Toyota’s new Supra is launching in the United States with a turbocharged 3.0-liter six-cylinder BMW engine, but because of certification form from the California Air Resources Board discovered by Automobile, there is wide speculation that a four-cylinder Supra will join Toyota’s U.S. lineup.
At the end of a long list of Roundel-badged vehicles that will use the BMW 2.0-liter four-cylinder turbocharged engine, the certification lists the Toyota “Supra 2.0” as a 2020 model.
The Supra was jointly developed with BMW, sharing its platform, engines, and transmission with the Z4 roadster. The Supra is launching in the U.S. with a turbocharged 3.0-liter straight-six making 335 hp and 365 lb-ft of torque. Shortly after the car’s January reveal, Toyota announced that it would offer two four-cylinder variants for the Japanese market, with 194 hp and 236 lb-ft of torque, and 255 hp and 295 lb-ft. For reference, the U.S.-market Z4 sDrive30i makes the same 255 hp and 295 lb-ft.
For its part, Toyota says that the CARB certification isn’t a smoking gun for a four-cylinder Supra in America. “BMW took steps to certify an engine for a variety of uses,” spokesperson Nancy Hubbell told us. “At this point, Toyota’s plans for the Supra in the U.S. include only the 3.0-liter inlin- six that will be in the 2020 Supra when it goes on sale this summer.”
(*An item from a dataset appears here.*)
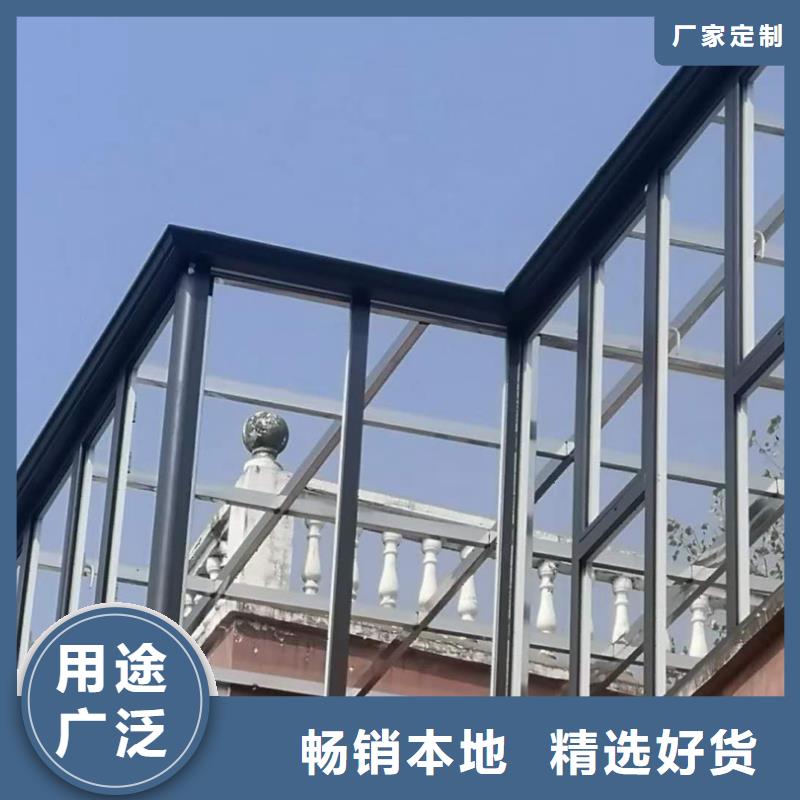 鋁合金檐溝自產自銷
The six-cylinder Supra starts at $50,920. Offering a four-cylinder engine would allow Toyota to drop the price to make it more cost-competitive with both imported sport compacts and American sports cars like the Camaro and Mustang. Just how many enthusiasts would cross-shop V-8-powered muscle cars with a four-cylinder Supra, however, is unclear. At most, it might be a compelling parallel to the recently announced Mustang EcoBoost High Performance Pack or four-cylinder Camaro 1LE.